When multiple applications are executed on a single physical server, resource allocation issues can arise as the application compete for server resources. One way to address this issue is to run each application on a different physical server, but this solution requires significant investment and often results in underutilized resources. Rather than using separate physical servers, virtual machine (VMs) can be used, wherein multiple VMs can be run on a single physical server and the VMs provides isolation between the applications. This type of virtualization provides better utilization of resources and easily allows additional applications to be added. However, each VM is operated like a full machine running on virtualized hardware and, thus, each VM requires its own operating system (OS), which wastes central processing unit (CPU) and memory resources.

Containers, such as Kubernetes containers, operate similar to a virtual machine, wherein each container has its own CPU share, filesystem, process space, and memory, but, unlike a virtual machine, containers allow applications to share the OS. Just as each container has separate virtual memory and processing, in some embodiments, a pod includes separate (from the other pods) virtual memory and processing.

Extraction in mass spectrometry generally refers to the process of separating the molecule of interest from other substances in a sample so that it can be more easily and accurately analyzed by a mass spectrometer. Also, peak detection is generally performed post data extraction. In some embodiments, as described in more detail below, the extraction and peak detection algorithms are executed in parallel in a separate pod for each injection. In some embodiments, the determined data is collated and provided to the calling application. In some embodiments, extraction and peak detection algorithms employed for peak detection include, for example, ICIS, GENISIS, or Cobra.

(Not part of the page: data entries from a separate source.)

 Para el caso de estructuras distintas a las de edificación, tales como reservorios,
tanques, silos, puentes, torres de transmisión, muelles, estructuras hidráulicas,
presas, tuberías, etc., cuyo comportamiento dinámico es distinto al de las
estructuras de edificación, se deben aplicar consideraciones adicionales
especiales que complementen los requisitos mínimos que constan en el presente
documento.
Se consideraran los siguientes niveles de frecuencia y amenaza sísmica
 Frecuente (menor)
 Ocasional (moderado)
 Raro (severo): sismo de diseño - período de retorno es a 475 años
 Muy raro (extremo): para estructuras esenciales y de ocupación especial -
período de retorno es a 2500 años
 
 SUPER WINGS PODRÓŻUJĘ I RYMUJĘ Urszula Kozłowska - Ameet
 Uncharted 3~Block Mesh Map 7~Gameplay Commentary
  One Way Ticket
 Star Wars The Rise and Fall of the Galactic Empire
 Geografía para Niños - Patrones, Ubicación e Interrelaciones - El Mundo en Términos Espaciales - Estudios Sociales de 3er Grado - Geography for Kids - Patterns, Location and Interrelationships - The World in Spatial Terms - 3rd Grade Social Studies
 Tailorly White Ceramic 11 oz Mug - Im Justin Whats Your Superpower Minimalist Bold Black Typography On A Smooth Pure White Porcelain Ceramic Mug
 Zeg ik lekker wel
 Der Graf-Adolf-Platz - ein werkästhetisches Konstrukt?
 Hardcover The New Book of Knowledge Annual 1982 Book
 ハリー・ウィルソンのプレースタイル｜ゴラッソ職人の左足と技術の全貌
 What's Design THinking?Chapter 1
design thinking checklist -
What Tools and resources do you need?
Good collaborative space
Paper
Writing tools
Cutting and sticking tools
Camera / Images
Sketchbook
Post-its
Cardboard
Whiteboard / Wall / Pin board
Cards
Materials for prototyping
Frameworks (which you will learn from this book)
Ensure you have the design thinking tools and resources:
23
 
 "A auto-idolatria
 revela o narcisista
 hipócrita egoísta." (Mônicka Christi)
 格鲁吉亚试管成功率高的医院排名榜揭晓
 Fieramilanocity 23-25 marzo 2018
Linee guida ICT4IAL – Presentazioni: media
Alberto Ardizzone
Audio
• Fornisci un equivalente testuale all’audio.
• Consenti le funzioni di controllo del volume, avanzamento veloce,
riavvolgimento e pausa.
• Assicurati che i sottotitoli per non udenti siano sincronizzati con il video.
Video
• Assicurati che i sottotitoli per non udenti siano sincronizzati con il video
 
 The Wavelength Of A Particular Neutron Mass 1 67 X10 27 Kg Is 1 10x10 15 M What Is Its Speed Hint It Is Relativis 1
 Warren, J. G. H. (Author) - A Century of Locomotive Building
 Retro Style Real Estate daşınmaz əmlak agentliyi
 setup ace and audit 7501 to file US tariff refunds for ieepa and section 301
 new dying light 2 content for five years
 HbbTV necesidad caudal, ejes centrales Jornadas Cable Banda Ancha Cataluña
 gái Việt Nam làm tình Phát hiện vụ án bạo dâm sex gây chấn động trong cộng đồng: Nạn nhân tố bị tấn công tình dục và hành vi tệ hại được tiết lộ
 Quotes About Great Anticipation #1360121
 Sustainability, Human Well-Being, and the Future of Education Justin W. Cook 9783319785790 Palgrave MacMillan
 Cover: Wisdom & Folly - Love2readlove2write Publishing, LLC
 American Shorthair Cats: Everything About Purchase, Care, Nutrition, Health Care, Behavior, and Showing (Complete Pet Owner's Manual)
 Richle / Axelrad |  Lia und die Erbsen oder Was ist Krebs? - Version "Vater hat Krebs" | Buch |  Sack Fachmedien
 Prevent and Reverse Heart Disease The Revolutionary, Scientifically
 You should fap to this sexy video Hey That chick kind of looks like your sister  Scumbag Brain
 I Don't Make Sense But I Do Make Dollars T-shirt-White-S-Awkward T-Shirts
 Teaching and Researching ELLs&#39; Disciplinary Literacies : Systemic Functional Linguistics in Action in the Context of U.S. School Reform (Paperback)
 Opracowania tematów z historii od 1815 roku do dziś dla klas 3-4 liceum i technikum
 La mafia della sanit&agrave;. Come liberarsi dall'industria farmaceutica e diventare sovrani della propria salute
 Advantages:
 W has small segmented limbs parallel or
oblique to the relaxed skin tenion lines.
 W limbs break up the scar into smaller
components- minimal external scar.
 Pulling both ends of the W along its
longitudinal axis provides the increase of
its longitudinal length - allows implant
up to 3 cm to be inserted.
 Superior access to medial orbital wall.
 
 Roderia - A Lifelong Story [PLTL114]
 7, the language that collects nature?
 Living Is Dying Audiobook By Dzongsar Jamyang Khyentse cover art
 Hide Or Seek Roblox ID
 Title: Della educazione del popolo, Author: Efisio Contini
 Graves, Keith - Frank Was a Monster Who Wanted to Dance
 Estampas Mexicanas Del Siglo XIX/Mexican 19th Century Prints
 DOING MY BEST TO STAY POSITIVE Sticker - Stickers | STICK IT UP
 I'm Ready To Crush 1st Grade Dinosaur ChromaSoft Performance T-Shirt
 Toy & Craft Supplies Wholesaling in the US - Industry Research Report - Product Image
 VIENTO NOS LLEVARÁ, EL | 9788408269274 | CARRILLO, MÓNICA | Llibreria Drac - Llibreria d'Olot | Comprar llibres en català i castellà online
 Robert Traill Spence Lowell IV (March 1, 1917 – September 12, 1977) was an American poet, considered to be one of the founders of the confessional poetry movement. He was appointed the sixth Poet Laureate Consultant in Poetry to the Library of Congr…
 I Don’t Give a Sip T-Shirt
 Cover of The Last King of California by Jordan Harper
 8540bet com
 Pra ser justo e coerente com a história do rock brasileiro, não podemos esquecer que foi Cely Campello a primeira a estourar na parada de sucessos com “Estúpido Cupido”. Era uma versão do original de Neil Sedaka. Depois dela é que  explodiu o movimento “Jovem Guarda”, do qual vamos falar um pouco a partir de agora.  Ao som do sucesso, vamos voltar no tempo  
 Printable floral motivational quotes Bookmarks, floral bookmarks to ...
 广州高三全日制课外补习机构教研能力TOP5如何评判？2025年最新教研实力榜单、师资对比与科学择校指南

In some embodiments, the processing module is scaled horizontally via processing nodes to increase performance. In some embodiments, a node is implemented via a virtual machine or a physical machine. In some embodiments, a node is implemented as a Kubernetes node and managed by the control plane and contains the services necessary to run Pods. In some embodiments, additional Kubernetes nodes are employed to horizontally scale the processing module. In some embodiments, the processing module is provided via multiple CPUs that are scaled horizontally where each node is a physical server, and each pod comprises a virtual CPU and virtual memory (see).

In the following detailed description, reference is made to the accompanying drawings that form a part hereof wherein like numerals designate like parts throughout, and in which is shown, by way of illustration, embodiments that may be practiced. It is to be understood that other embodiments may be utilized, and structural or logical changes may be made, without departing from the scope of the present disclosure. Therefore, the following detailed description is not to be taken in a limiting sense.

Various operations may be described as multiple discrete actions or operations in turn, in a manner that is most helpful in understanding the subject matter disclosed herein. However, the order of description should not be construed as to imply that these operations are necessarily order dependent. In particular, these operations may not be performed in the order of presentation. Operations described may be performed in a different order from the described embodiment. Various additional operations may be performed, and/or described operations may be omitted in additional embodiments.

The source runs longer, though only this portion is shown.